## Instructions for the task
Everything from the line with "クラブ TaylorMADE 2025" to the final line of the entries, both included, should be restated word for word; please omit the pictures.
* * * *
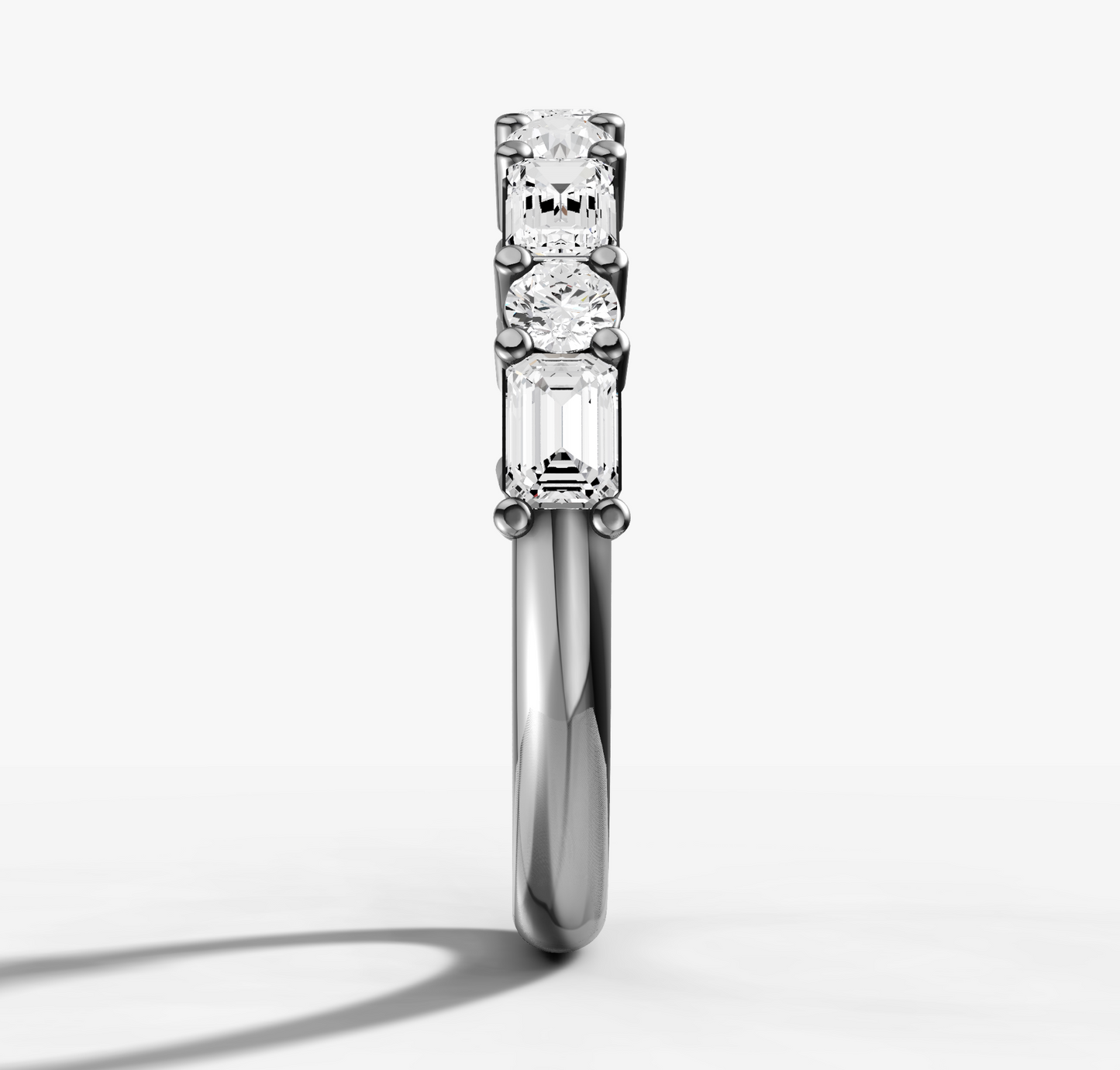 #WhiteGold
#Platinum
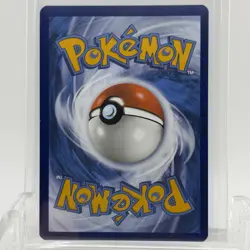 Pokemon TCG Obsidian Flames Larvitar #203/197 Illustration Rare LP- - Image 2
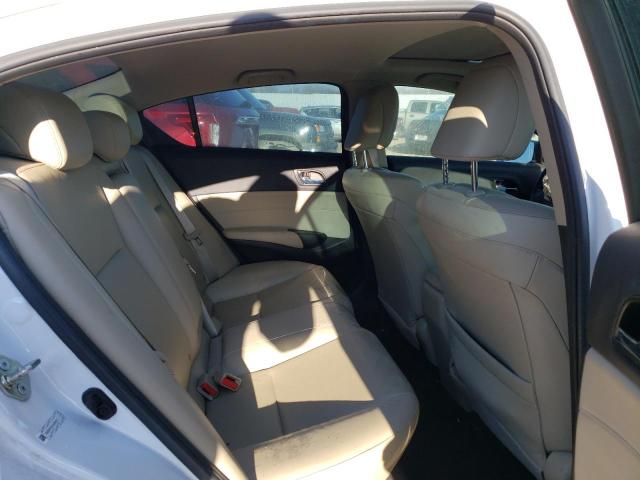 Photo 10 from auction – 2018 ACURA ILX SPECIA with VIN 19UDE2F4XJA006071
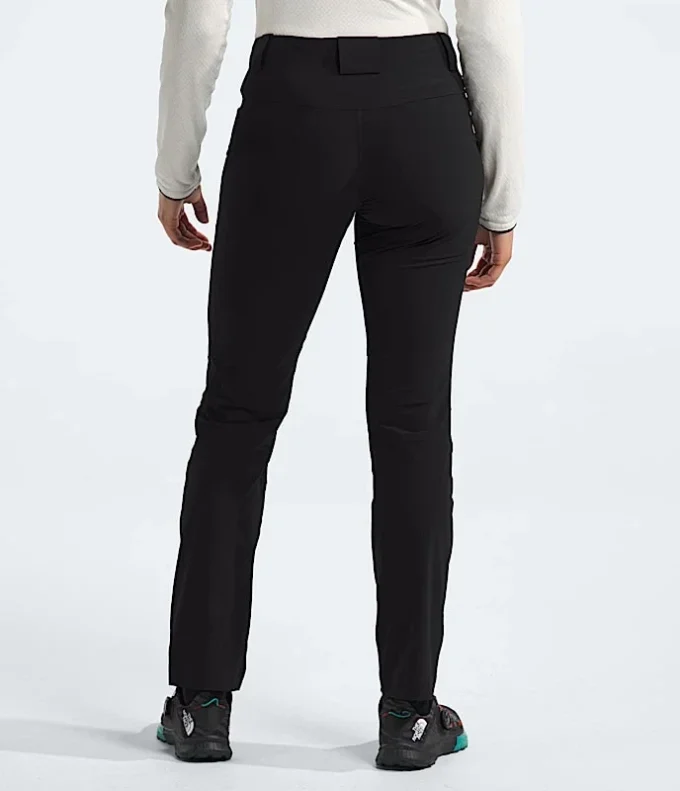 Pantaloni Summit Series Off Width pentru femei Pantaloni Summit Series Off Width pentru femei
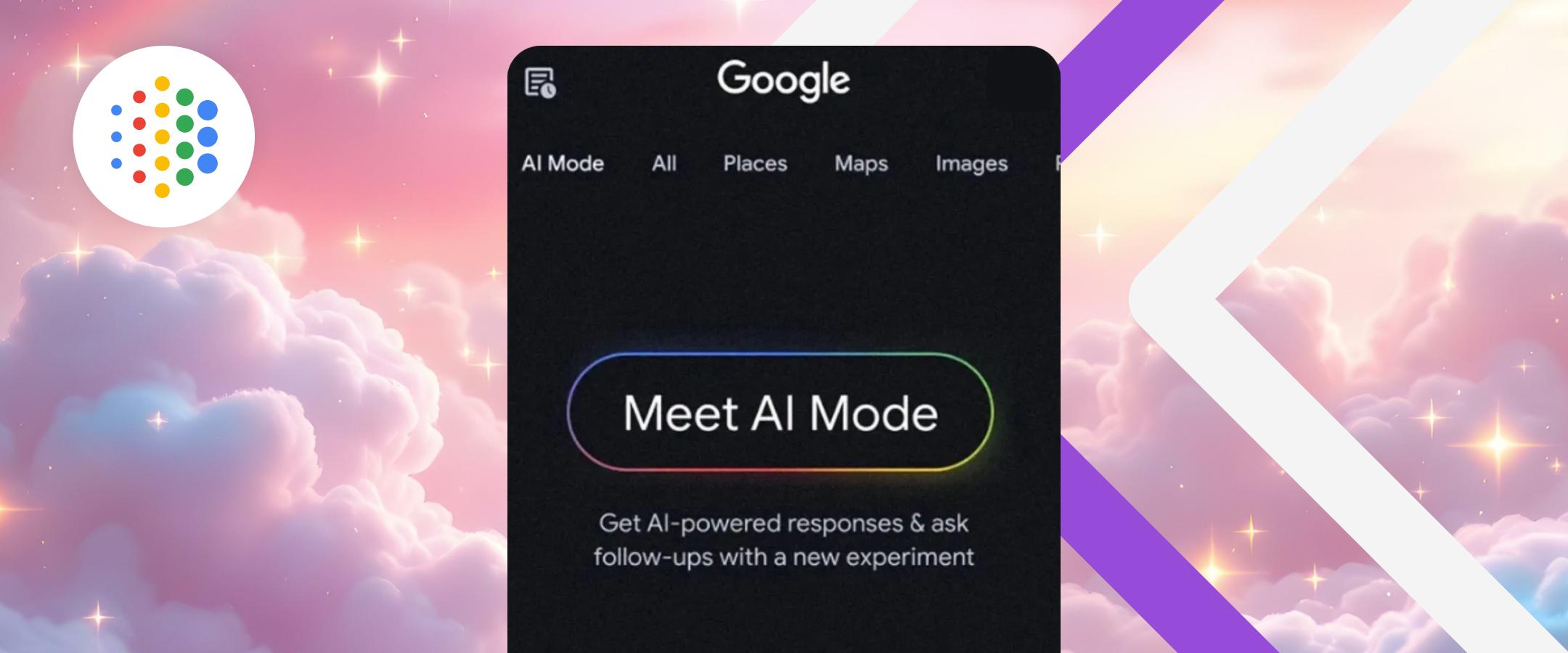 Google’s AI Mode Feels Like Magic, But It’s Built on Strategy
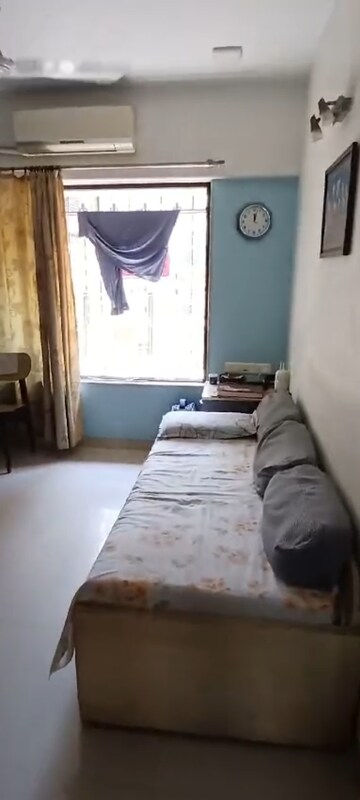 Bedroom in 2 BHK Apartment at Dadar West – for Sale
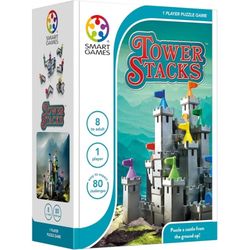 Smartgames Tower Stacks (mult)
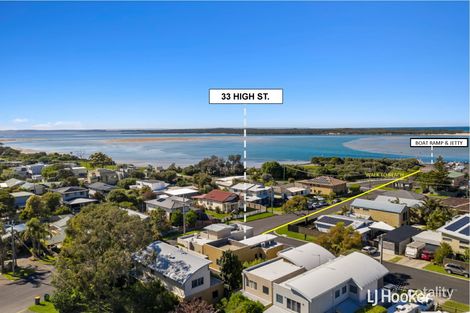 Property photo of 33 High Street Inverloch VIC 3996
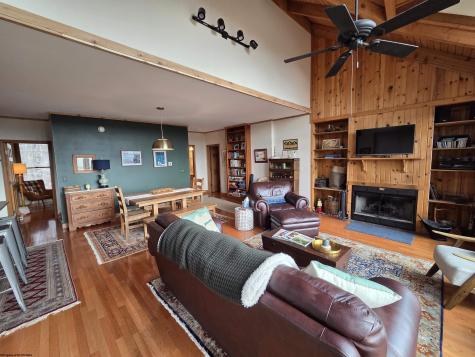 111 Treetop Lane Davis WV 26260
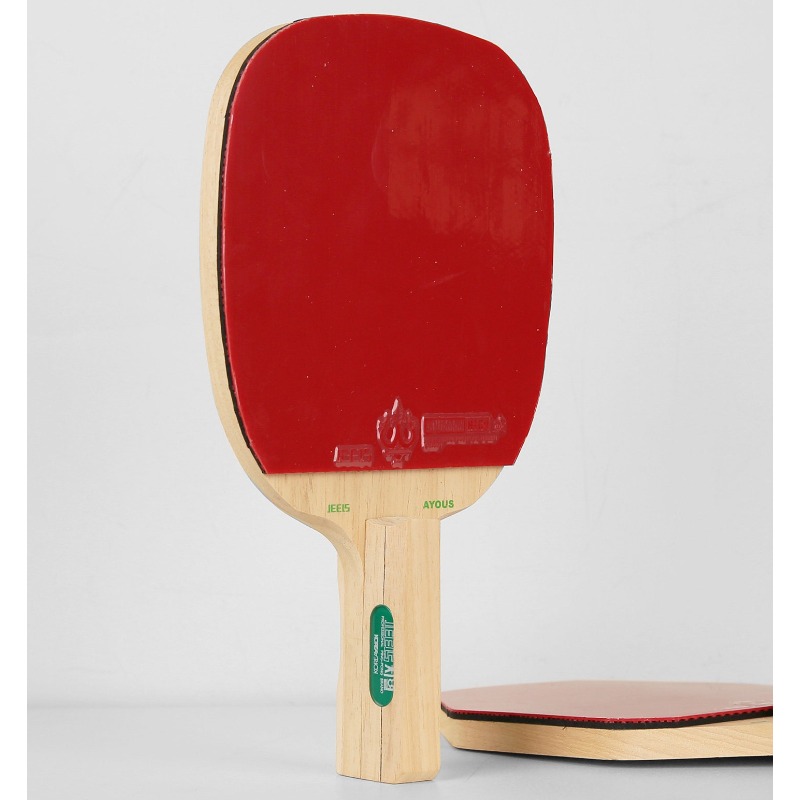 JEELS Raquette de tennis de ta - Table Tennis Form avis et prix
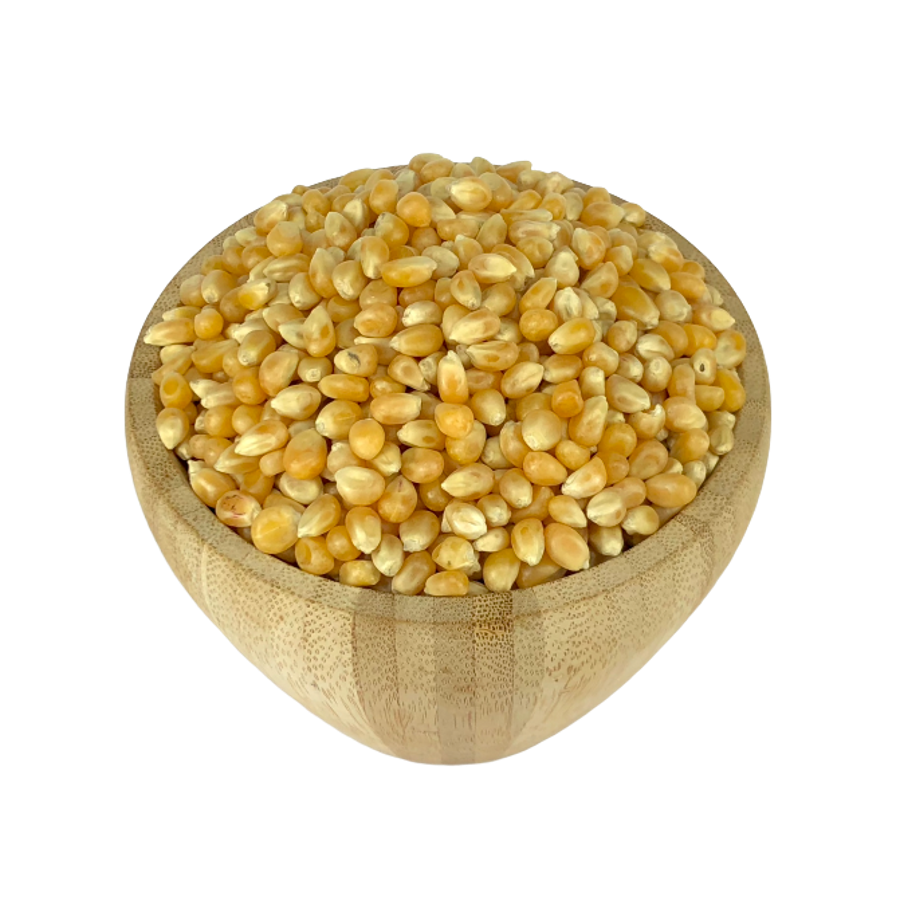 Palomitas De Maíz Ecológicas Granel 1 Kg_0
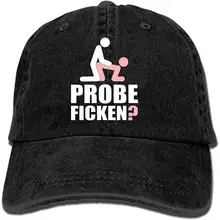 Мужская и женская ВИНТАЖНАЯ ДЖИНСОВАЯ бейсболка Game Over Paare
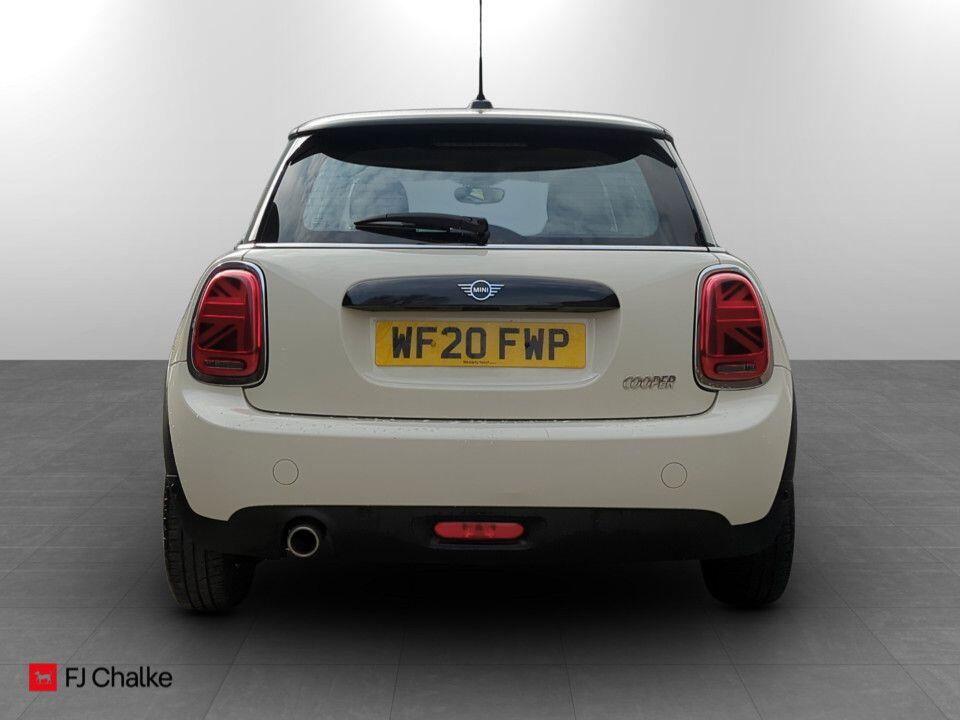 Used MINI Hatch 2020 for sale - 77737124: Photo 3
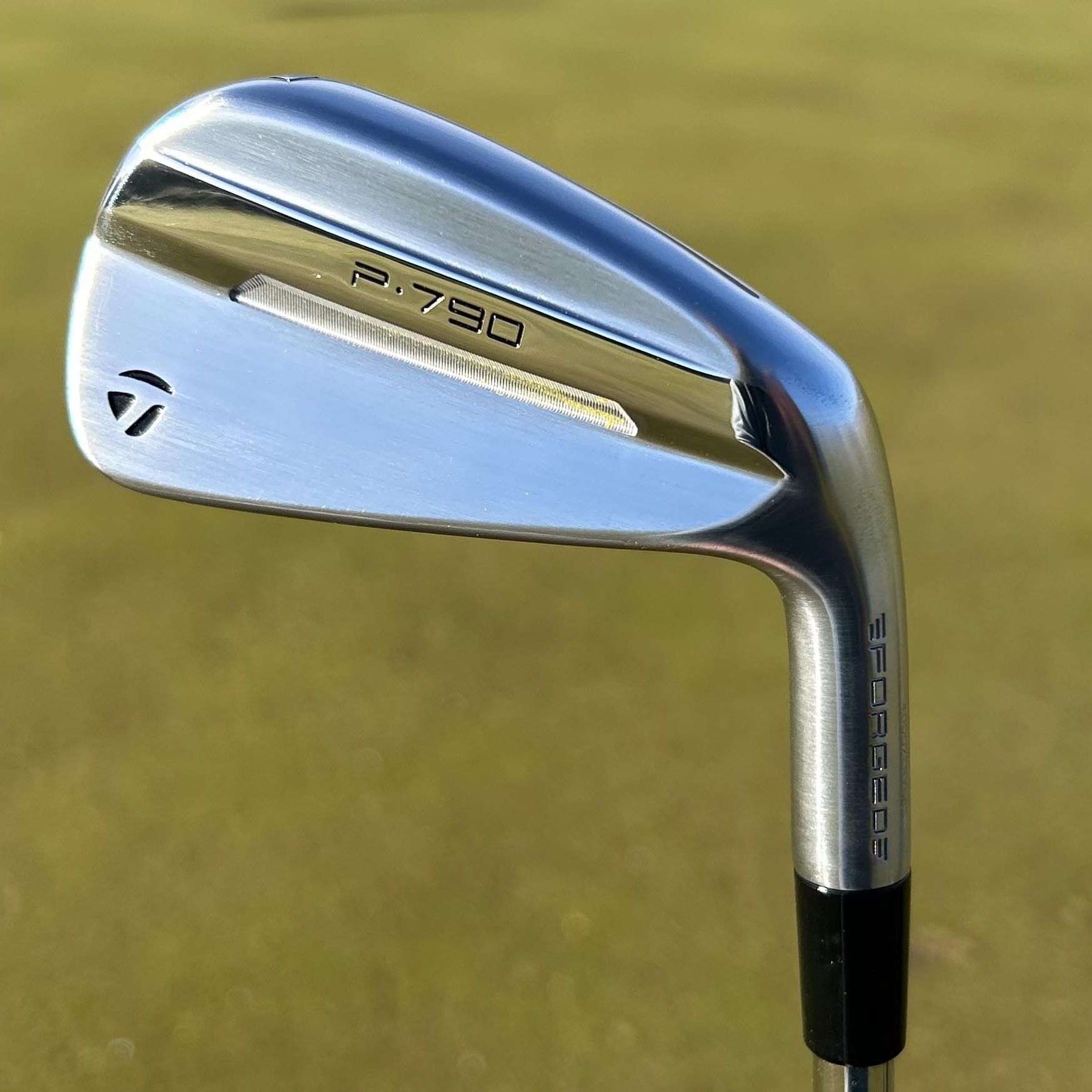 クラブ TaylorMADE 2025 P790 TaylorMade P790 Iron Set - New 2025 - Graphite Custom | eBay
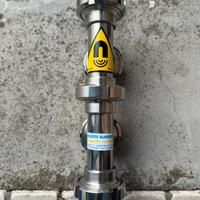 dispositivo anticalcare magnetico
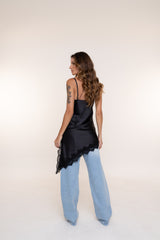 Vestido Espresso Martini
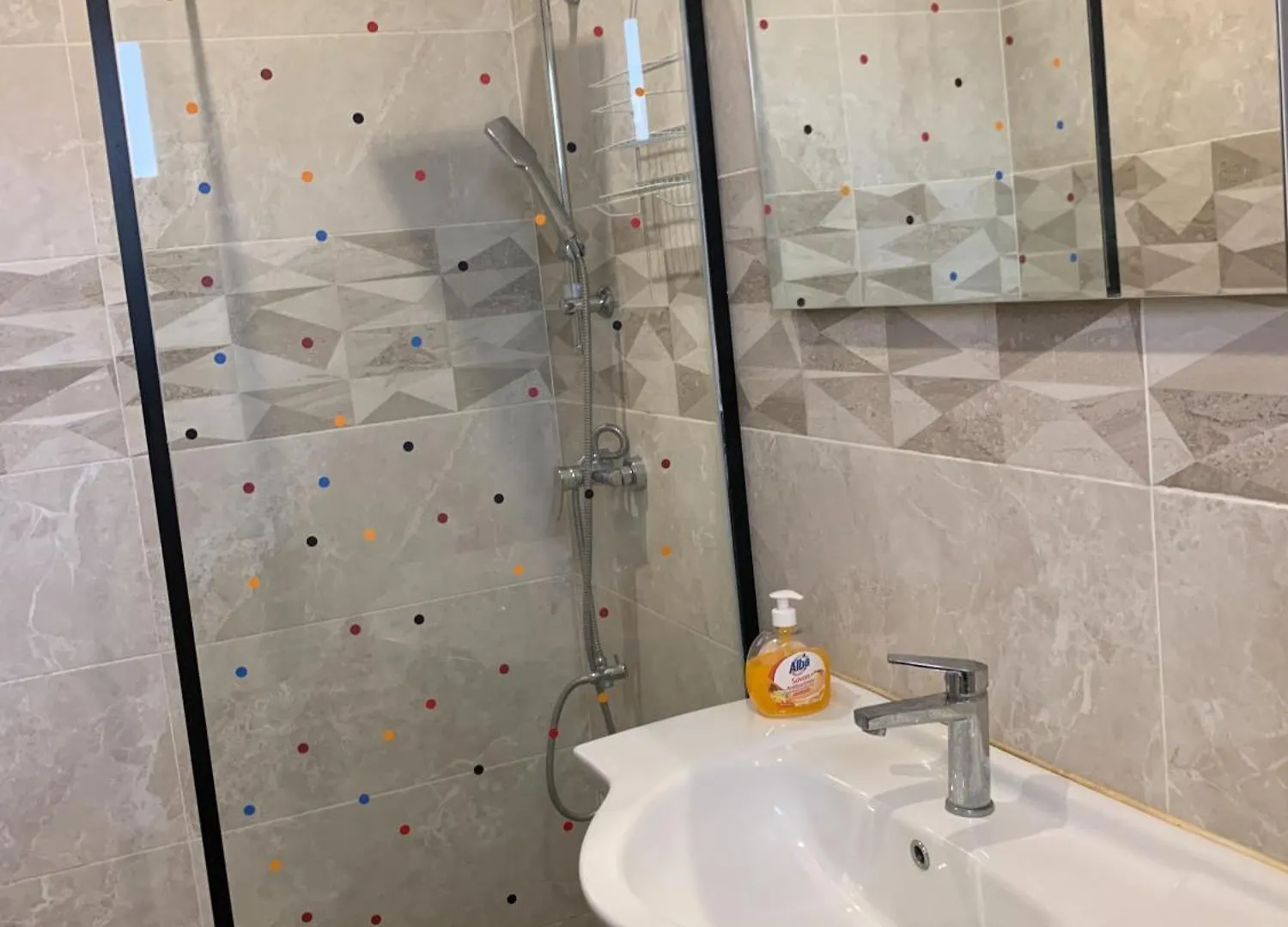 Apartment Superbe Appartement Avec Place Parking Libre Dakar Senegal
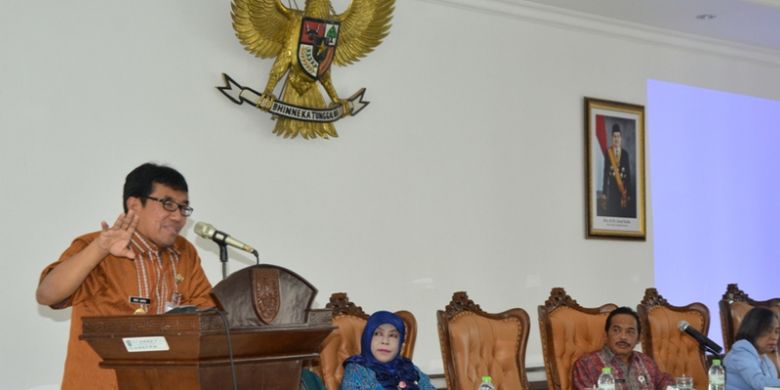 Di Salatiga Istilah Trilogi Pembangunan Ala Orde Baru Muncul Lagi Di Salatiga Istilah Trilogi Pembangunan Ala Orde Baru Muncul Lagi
* * * *
## Exercise result
 クラブ TaylorMADE 2025 P790 TaylorMade P790 Iron Set - New 2025 - Graphite Custom | eBay
 dispositivo anticalcare magnetico
 Vestido Espresso Martini
 Apartment Superbe Appartement Avec Place Parking Libre Dakar Senegal
 Di Salatiga Istilah Trilogi Pembangunan Ala Orde Baru Muncul Lagi Di Salatiga Istilah Trilogi Pembangunan Ala Orde Baru Muncul Lagi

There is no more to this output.